▸ TASK DESCRIPTION: In the data that follows, every line containing the word "brown" should be returned.

___ DATA EXTRACT

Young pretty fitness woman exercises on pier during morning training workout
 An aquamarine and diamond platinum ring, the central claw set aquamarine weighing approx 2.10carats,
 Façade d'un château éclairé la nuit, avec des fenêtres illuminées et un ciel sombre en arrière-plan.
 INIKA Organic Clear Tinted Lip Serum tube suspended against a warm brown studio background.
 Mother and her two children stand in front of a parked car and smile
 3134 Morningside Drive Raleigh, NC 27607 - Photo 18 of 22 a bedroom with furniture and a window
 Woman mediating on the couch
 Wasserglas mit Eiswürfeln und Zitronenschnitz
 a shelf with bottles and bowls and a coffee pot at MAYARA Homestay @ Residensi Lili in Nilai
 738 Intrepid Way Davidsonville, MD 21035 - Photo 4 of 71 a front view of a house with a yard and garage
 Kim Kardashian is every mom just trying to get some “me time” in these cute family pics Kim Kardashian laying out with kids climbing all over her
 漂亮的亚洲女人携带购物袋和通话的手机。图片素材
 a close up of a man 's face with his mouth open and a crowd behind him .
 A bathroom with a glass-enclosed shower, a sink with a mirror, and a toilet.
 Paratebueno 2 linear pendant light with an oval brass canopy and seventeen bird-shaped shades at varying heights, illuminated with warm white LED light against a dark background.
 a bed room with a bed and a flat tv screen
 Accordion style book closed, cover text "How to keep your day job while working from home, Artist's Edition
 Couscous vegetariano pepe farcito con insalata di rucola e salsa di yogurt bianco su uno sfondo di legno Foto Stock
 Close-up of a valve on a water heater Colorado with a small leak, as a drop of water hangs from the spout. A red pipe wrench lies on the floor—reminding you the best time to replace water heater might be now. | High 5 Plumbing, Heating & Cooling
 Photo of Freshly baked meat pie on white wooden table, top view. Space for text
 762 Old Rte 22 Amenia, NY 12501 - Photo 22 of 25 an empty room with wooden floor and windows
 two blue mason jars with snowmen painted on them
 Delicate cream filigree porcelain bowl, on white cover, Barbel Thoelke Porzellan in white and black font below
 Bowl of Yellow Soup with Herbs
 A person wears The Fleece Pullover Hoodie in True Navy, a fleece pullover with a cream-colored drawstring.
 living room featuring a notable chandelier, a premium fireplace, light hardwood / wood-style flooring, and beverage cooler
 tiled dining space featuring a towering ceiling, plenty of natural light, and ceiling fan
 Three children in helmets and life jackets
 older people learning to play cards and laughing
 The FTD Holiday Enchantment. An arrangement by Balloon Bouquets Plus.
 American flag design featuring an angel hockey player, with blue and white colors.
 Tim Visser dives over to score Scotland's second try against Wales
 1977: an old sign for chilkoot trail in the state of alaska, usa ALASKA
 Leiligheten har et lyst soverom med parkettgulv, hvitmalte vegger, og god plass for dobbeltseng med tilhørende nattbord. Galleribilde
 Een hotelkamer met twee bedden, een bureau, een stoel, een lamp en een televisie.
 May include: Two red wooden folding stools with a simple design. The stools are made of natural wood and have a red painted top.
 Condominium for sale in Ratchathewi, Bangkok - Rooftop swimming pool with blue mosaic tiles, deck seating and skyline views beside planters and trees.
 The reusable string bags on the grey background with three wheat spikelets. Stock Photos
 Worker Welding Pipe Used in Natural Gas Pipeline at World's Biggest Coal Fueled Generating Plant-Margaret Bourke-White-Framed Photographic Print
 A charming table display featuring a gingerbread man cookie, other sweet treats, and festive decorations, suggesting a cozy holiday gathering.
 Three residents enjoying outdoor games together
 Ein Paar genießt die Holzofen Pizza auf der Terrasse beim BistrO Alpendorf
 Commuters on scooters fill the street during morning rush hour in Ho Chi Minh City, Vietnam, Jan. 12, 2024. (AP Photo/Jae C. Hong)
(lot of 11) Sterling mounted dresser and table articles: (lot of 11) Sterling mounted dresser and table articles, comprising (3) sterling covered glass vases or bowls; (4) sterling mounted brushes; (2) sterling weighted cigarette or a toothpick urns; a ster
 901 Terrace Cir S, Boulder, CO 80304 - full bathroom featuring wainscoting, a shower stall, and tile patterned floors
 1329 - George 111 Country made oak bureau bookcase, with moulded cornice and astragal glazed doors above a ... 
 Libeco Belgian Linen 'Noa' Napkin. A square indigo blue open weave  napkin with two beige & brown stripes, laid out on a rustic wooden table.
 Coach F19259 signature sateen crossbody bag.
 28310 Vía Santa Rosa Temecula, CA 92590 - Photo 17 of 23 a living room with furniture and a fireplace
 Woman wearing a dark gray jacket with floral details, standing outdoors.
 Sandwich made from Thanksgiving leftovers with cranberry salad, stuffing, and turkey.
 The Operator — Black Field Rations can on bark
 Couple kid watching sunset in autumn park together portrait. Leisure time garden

______

▸ REPLY TO THE EXERCISE:
 INIKA Organic Clear Tinted Lip Serum tube suspended against a warm brown studio background.
 Libeco Belgian Linen 'Noa' Napkin. A square indigo blue open weave  napkin with two beige & brown stripes, laid out on a rustic wooden table.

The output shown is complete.